Attacking Binarized Neural Networks
This addresses security concerns for low-precision neural networks in applications like edge computing, but it is incremental as it builds on existing quantization and adversarial defense research.
The paper tackles the problem of adversarial robustness in neural networks by showing that binarized neural networks (weights and activations quantized to ±1) can improve robustness against some attacks, with performance comparable to full-precision models in worst cases, and notes that stochastic quantization in one layer reduces iterative attack impact.

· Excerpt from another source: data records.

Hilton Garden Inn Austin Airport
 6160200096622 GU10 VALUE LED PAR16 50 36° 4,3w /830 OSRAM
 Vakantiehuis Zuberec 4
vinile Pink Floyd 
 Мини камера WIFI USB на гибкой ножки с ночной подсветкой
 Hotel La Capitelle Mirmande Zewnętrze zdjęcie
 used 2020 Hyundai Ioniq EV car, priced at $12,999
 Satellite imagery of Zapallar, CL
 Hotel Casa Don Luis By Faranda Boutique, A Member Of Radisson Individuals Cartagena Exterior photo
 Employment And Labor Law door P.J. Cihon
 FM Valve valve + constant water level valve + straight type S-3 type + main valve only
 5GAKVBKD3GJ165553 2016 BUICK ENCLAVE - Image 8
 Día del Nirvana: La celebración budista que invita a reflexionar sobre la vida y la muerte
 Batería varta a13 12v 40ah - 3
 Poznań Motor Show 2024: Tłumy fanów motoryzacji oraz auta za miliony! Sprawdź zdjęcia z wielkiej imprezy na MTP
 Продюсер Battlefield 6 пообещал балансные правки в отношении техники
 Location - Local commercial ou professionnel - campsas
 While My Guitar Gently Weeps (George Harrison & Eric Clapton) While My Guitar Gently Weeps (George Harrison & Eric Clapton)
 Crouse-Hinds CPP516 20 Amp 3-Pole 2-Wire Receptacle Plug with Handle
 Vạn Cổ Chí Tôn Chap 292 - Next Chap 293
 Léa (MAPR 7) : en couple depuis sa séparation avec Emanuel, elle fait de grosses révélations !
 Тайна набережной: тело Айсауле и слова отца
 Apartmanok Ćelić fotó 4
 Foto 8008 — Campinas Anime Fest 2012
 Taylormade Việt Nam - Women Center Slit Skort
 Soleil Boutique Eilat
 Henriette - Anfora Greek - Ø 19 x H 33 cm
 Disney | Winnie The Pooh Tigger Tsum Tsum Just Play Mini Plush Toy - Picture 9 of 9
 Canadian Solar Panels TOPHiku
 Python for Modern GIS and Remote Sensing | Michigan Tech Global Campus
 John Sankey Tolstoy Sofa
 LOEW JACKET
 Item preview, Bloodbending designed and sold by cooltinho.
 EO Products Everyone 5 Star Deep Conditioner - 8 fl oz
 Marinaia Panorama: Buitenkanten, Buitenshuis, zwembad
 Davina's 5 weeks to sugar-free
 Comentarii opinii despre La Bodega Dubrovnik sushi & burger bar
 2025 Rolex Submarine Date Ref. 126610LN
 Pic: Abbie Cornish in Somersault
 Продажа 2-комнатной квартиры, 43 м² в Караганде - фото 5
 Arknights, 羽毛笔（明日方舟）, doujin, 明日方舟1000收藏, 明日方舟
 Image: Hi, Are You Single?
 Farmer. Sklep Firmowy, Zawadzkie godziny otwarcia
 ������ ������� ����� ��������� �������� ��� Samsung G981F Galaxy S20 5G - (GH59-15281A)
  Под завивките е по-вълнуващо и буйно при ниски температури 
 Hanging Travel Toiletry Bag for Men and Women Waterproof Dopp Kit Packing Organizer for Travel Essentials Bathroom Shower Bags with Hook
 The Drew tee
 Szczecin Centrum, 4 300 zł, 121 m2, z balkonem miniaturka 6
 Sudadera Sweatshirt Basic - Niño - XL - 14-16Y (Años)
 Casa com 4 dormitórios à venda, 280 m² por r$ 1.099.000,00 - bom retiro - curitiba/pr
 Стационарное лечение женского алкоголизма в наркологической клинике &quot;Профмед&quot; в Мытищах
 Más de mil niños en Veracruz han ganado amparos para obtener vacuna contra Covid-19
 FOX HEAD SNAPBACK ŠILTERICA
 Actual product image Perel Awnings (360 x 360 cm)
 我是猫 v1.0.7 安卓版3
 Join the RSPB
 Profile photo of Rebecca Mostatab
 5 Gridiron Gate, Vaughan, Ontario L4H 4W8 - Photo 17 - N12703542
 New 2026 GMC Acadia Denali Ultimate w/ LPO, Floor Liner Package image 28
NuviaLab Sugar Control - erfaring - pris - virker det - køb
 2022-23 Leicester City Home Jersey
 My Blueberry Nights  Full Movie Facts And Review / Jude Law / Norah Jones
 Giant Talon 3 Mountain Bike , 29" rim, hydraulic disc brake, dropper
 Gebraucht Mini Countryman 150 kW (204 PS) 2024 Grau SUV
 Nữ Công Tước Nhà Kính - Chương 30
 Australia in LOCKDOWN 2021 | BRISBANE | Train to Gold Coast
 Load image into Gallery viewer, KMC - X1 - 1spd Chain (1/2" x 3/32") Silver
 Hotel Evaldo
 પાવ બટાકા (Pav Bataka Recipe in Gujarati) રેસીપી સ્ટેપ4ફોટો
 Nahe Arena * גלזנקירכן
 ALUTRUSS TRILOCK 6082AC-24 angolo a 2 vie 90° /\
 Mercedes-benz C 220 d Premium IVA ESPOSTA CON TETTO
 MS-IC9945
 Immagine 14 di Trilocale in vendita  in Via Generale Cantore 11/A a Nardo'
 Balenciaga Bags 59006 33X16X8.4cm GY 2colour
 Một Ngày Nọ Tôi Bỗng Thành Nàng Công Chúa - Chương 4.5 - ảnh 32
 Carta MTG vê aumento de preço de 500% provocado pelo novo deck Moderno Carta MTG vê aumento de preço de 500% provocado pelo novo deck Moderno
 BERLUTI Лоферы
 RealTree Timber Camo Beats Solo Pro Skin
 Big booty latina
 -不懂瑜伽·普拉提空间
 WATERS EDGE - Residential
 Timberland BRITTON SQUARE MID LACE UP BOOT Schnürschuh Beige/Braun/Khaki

Neural networks with low-precision weights and activations offer compelling efficiency advantages over their full-precision equivalents. The two most frequently discussed benefits of quantization are reduced memory consumption, and a faster forward pass when implemented with efficient bitwise operations. We propose a third benefit of very low-precision neural networks: improved robustness against some adversarial attacks, and in the worst case, performance that is on par with full-precision models. We focus on the very low-precision case where weights and activations are both quantized to $\pm$1, and note that stochastically quantizing weights in just one layer can sharply reduce the impact of iterative attacks. We observe that non-scaled binary neural networks exhibit a similar effect to the original defensive distillation procedure that led to gradient masking, and a false notion of security. We address this by conducting both black-box and white-box experiments with binary models that do not artificially mask gradients.